Dataset excerpts:
════════════════════
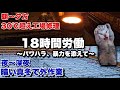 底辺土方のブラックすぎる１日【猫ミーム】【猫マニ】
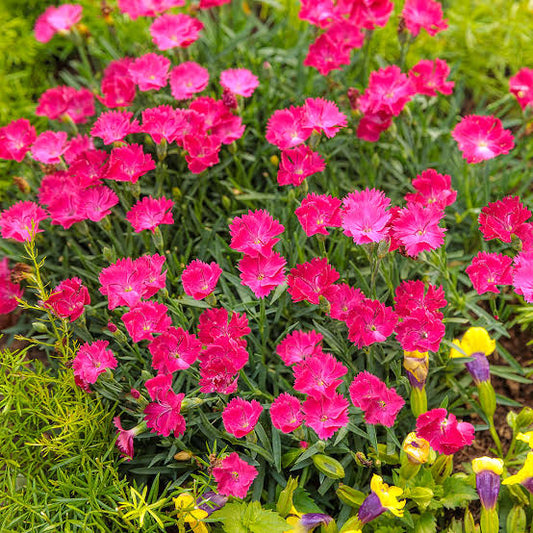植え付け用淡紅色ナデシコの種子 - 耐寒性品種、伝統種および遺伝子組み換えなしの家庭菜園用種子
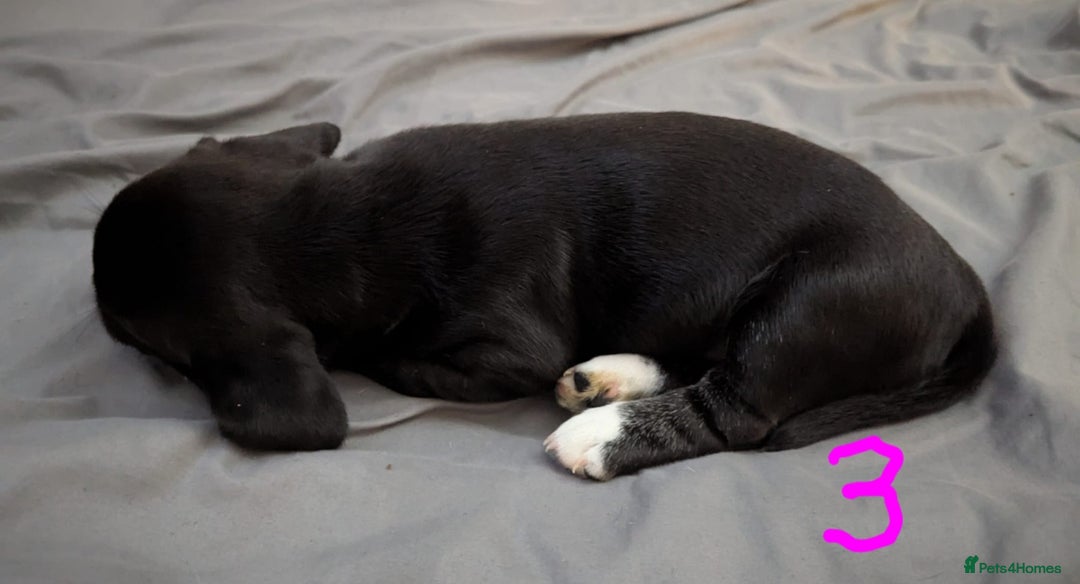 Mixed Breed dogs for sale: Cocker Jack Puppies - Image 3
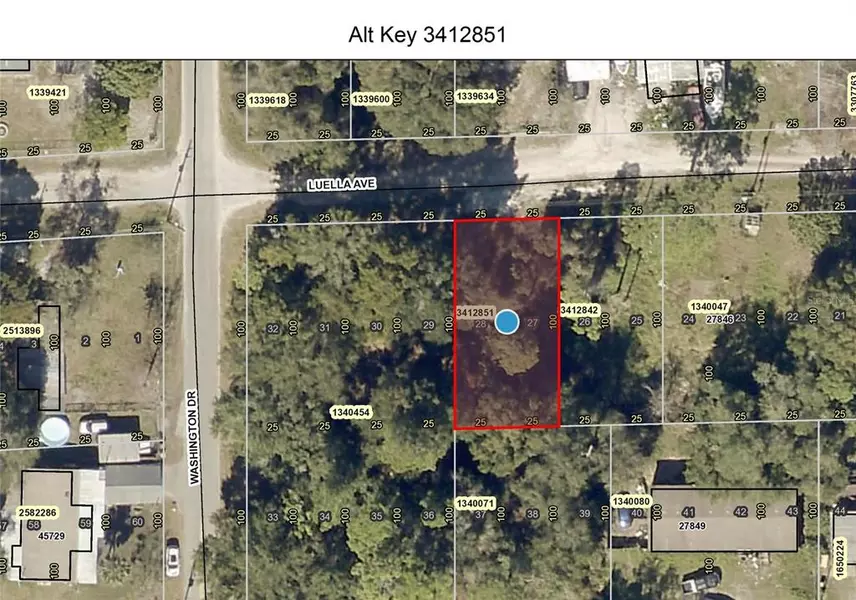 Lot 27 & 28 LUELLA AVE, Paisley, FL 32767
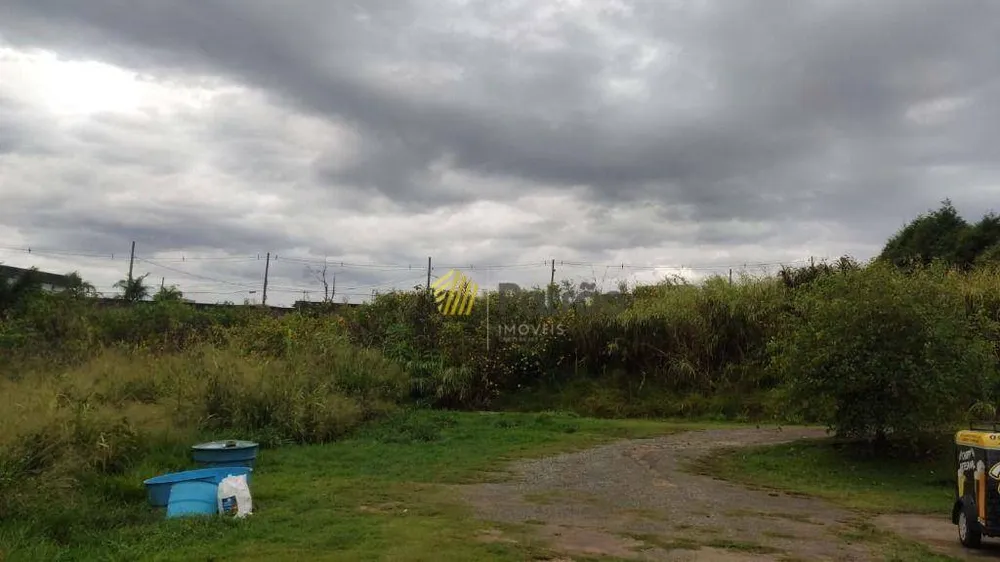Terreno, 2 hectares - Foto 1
════════════════════
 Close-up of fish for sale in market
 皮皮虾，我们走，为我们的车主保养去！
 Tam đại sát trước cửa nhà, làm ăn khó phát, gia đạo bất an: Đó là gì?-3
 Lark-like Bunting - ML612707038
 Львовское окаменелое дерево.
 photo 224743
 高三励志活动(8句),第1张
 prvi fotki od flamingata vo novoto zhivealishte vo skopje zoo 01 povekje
════════════════════
What needs to be done => Looking back over the data above, restate word for word the lines that begin at the line with "Tam đại sát" and end at the line with "prvi fotki od", inclusive.

Response to this task =>
 Tam đại sát trước cửa nhà, làm ăn khó phát, gia đạo bất an: Đó là gì?-3
 Lark-like Bunting - ML612707038
 Львовское окаменелое дерево.
 photo 224743
 高三励志活动(8句),第1张
 prvi fotki od flamingata vo novoto zhivealishte vo skopje zoo 01 povekje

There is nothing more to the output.